### What to produce:
Output the full listing exactly as written, with no pictures in it.

--------

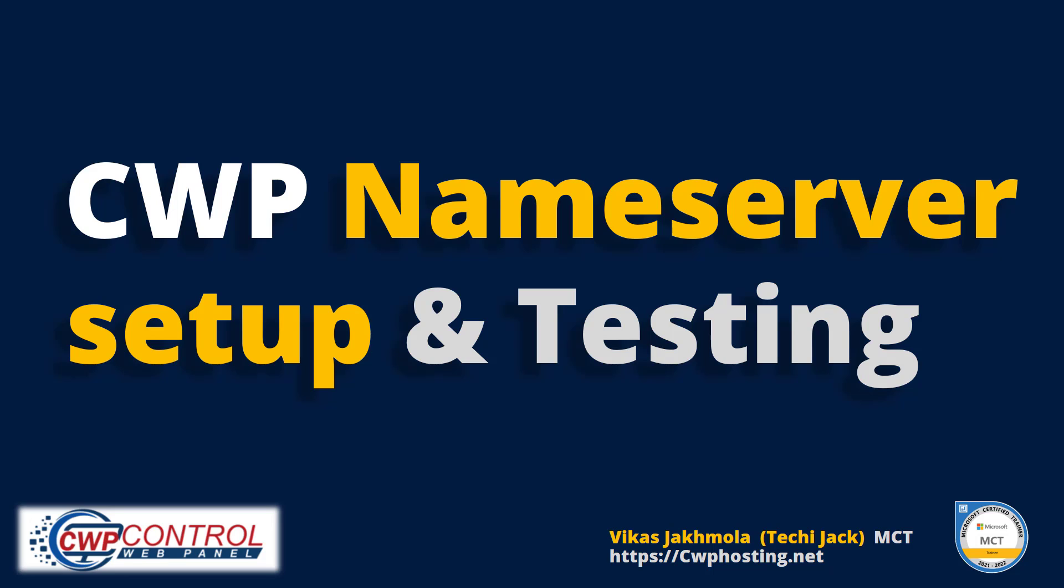Welcome to Techie Jack. In this video we will see the DNS settings, DNS zones and DNS propagation for our hostname. So let's move to the server and get started.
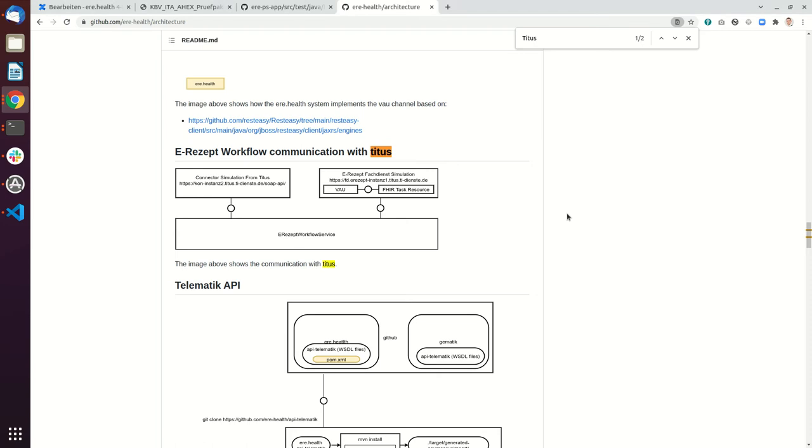Hello, in this video I will explain the standard configuration of the eREHELT system if you check it out. So by default it's connected to the Titus system.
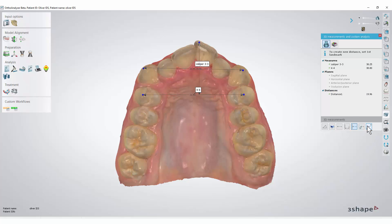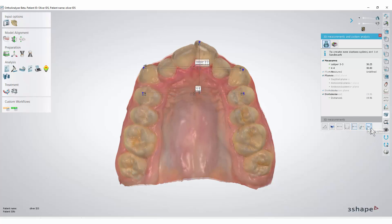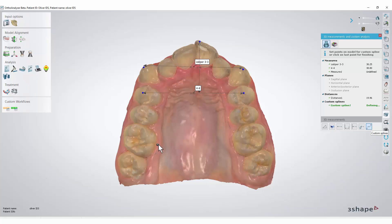Also, we are able to make custom splines. Just make one by putting points on the scan, and double-click on the last point to get the measurement.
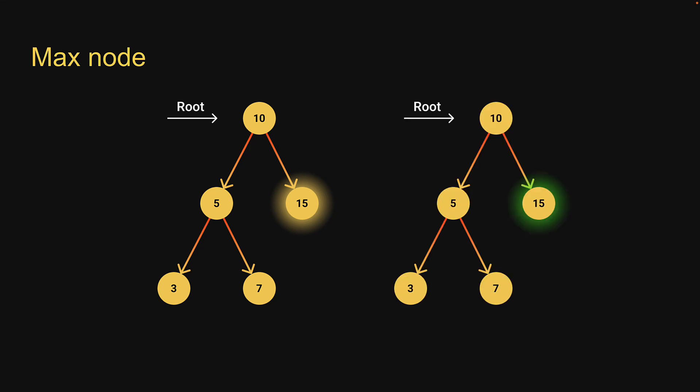To find the minimum value in the tree, return the value of the leftmost leaf node. To find the maximum value in the tree, return the value of the rightmost leaf node. Pretty simple logic to implement. Let's head back to replit and write the code.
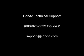If you have any problems or questions, please call us at 1-800-826-6332, option 2, or send us an email to support at conde.com.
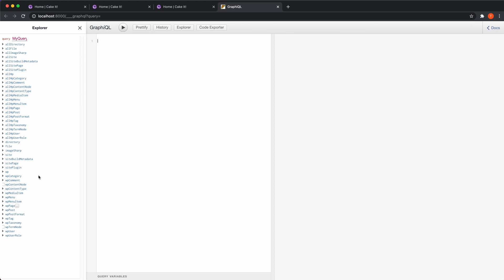These are all the queries we can do on our Gatsby GraphQL server. Of course, this will look very different if you're sourcing your data from something else — for example, Markdown — because you'd have completely different queries. These queries are all related to the WordPress plugin we use with Gatsby; it has created these queries for us. There are a lot of them and we're not going to touch most of them, so you'll have to look through them yourself if you want to learn about all the queries available against your WordPress data.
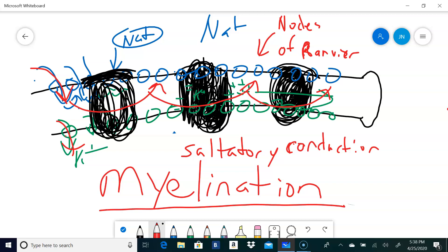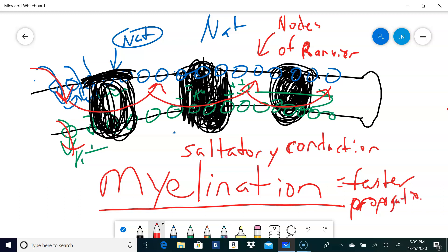Myelination is like beads of electrical insulation wrapped around the axon, making the action potential jump faster. Myelination means faster propagation. That's how you get from brain to feet almost instantaneously — those neurons going out to the muscle are heavily myelinated neurons, so the action potential travels from the brain to the muscle with no perceptible delay. This entire structure is called the myelin sheath.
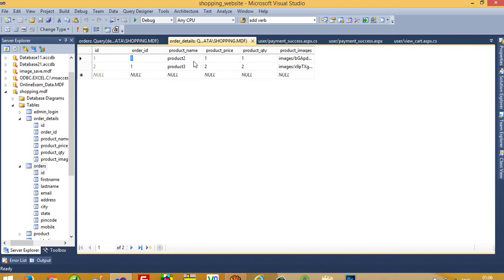Now we are going to check inside the order_details table and the orders table. Show table data — in the orders table you can see all the user details are stored and the id is 1. In the order_details table, the order_id is 1 and we purchased two items. This is how you can implement PayPal payment gateway in this ASP.NET shopping cart project. In my next video I am going to show you how you can view orders inside the admin panel so the admin can ship items to the address, and how to give a proper layout inside the admin panel. Thank you so much for watching — if you liked the video please like and share it.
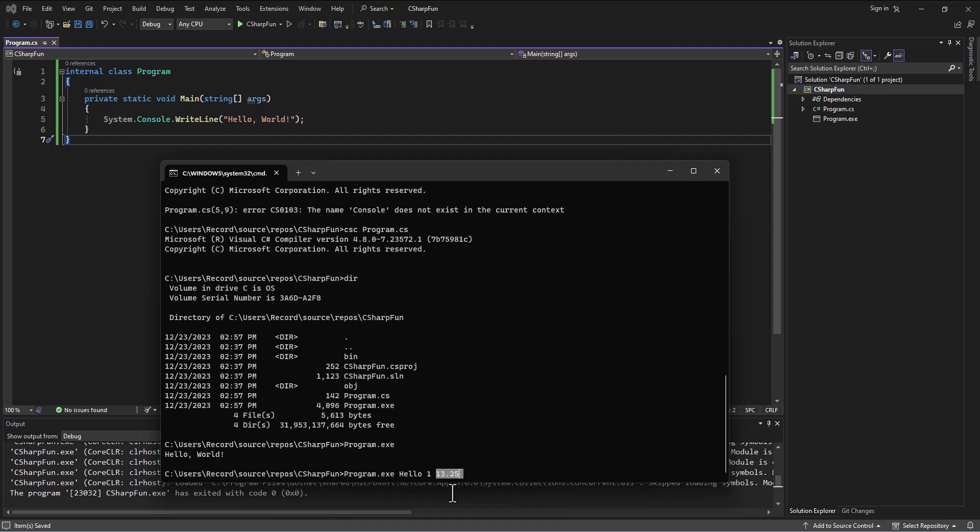What we're going to do is just modify this string array so we can do some things with it as the information's passed in. But just here looking at my clock, I'm going to go ahead and end there and continue on with passing those parameters in in the next video. Spencer out.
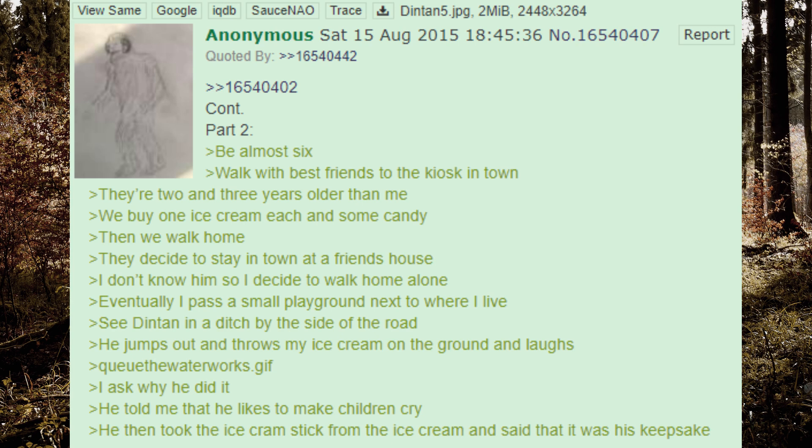Eventually I pass a small playground next to where I live. See Dinton in a ditch by the side of the road. He jumps out and throws my ice cream on the ground and laughs. Cue the waterworks. I ask why he did it. He told me that he likes to make children cry. He then took the ice cream stick from the ice cream and said that it was his keepsake.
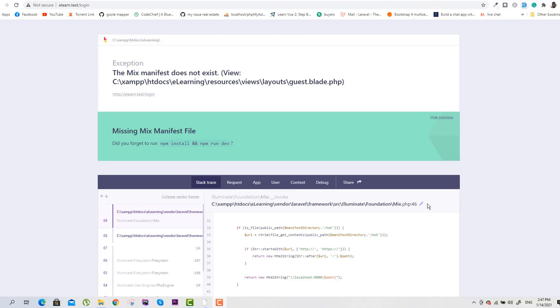Hey guys, welcome to Sabrezone. In this video tutorial, I will teach you how to fix the 'mix manifest does not exist' error. This error is due to not having the latest version of Node.js.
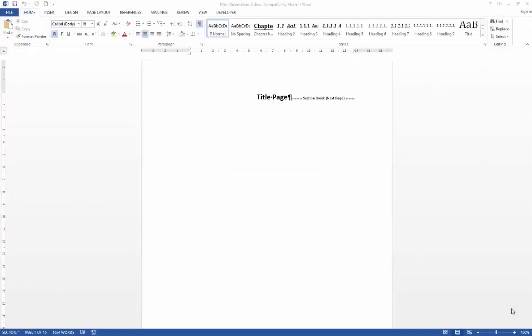In this video we're going to explore some of the basic elements of working with headers and footers in preparation for applying headers and footers throughout our thesis document.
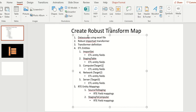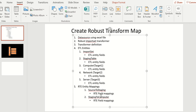A quick recap: first we made a data source using Excel, then we created a robust import transformer, then a transformer definition. Within the transformer definition we created three entities — import set, staging table, and computer — then added ETL entity fields (name in each entity), and then created two mappings: source to staging and staging to computer, with name column field mappings for both.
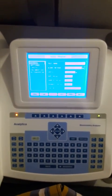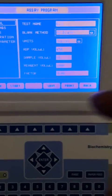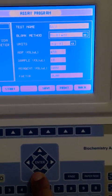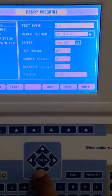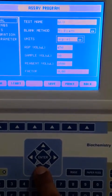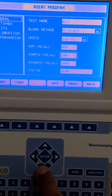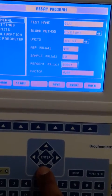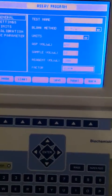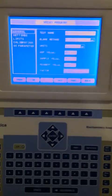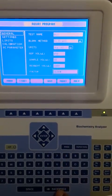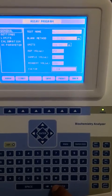I have now entered the parameters as per the literature. In General, I have entered: glucose method is No Blank, the unit is mg/dL, respiration volume is 450, sample volume is 10, reagent volume is 1000. For the factor, we have to calculate it because this is an endpoint method.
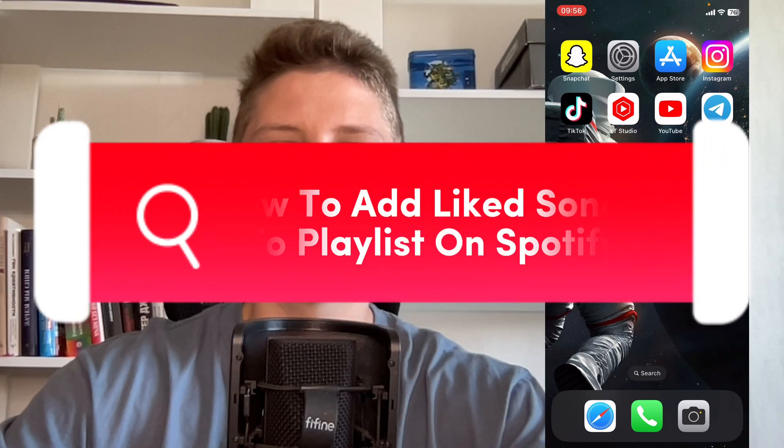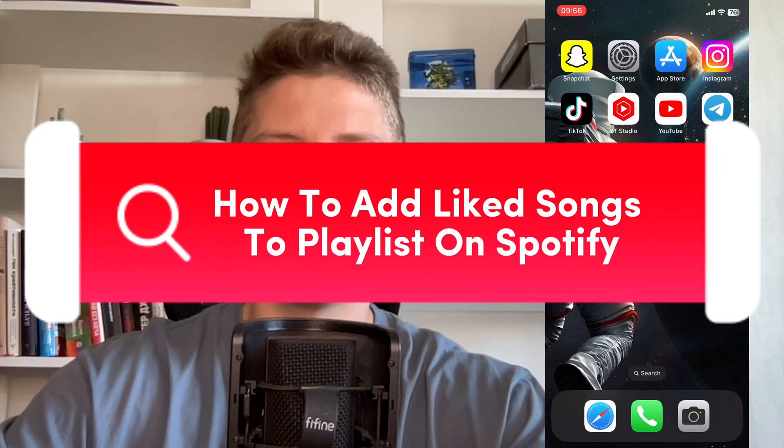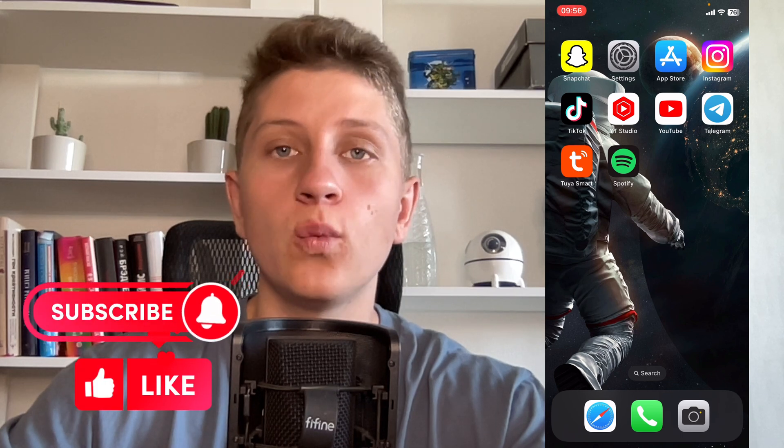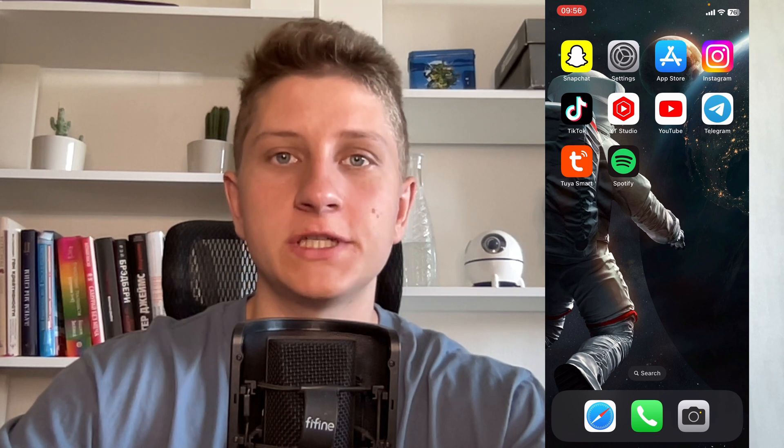I'll show you how to add liked songs to a playlist on Spotify. Make sure to watch this video to the very end so you won't make any mistakes. Leave a like and subscribe to my channel — this is the best support for me.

--------

### Written response:
Welcome to Techie Jack. In this video we will see the DNS settings, DNS zones and DNS propagation for our hostname. So let's move to the server and get started.
Hello, in this video I will explain the standard configuration of the eREHELT system if you check it out. So by default it's connected to the Titus system.
Also, we are able to make custom splines. Just make one by putting points on the scan, and double-click on the last point to get the measurement.
To find the minimum value in the tree, return the value of the leftmost leaf node. To find the maximum value in the tree, return the value of the rightmost leaf node. Pretty simple logic to implement. Let's head back to replit and write the code.
If you have any problems or questions, please call us at 1-800-826-6332, option 2, or send us an email to support at conde.com.
These are all the queries we can do on our Gatsby GraphQL server. Of course, this will look very different if you're sourcing your data from something else — for example, Markdown — because you'd have completely different queries. These queries are all related to the WordPress plugin we use with Gatsby; it has created these queries for us. There are a lot of them and we're not going to touch most of them, so you'll have to look through them yourself if you want to learn about all the queries available against your WordPress data.
Myelination is like beads of electrical insulation wrapped around the axon, making the action potential jump faster. Myelination means faster propagation. That's how you get from brain to feet almost instantaneously — those neurons going out to the muscle are heavily myelinated neurons, so the action potential travels from the brain to the muscle with no perceptible delay. This entire structure is called the myelin sheath.
Now we are going to check inside the order_details table and the orders table. Show table data — in the orders table you can see all the user details are stored and the id is 1. In the order_details table, the order_id is 1 and we purchased two items. This is how you can implement PayPal payment gateway in this ASP.NET shopping cart project. In my next video I am going to show you how you can view orders inside the admin panel so the admin can ship items to the address, and how to give a proper layout inside the admin panel. Thank you so much for watching — if you liked the video please like and share it.
What we're going to do is just modify this string array so we can do some things with it as the information's passed in. But just here looking at my clock, I'm going to go ahead and end there and continue on with passing those parameters in in the next video. Spencer out.
Eventually I pass a small playground next to where I live. See Dinton in a ditch by the side of the road. He jumps out and throws my ice cream on the ground and laughs. Cue the waterworks. I ask why he did it. He told me that he likes to make children cry. He then took the ice cream stick from the ice cream and said that it was his keepsake.
Hey guys, welcome to Sabrezone. In this video tutorial, I will teach you how to fix the 'mix manifest does not exist' error. This error is due to not having the latest version of Node.js.
In this video we're going to explore some of the basic elements of working with headers and footers in preparation for applying headers and footers throughout our thesis document.
A quick recap: first we made a data source using Excel, then we created a robust import transformer, then a transformer definition. Within the transformer definition we created three entities — import set, staging table, and computer — then added ETL entity fields (name in each entity), and then created two mappings: source to staging and staging to computer, with name column field mappings for both.
I have now entered the parameters as per the literature. In General, I have entered: glucose method is No Blank, the unit is mg/dL, respiration volume is 450, sample volume is 10, reagent volume is 1000. For the factor, we have to calculate it because this is an endpoint method.
I'll show you how to add liked songs to a playlist on Spotify. Make sure to watch this video to the very end so you won't make any mistakes. Leave a like and subscribe to my channel — this is the best support for me.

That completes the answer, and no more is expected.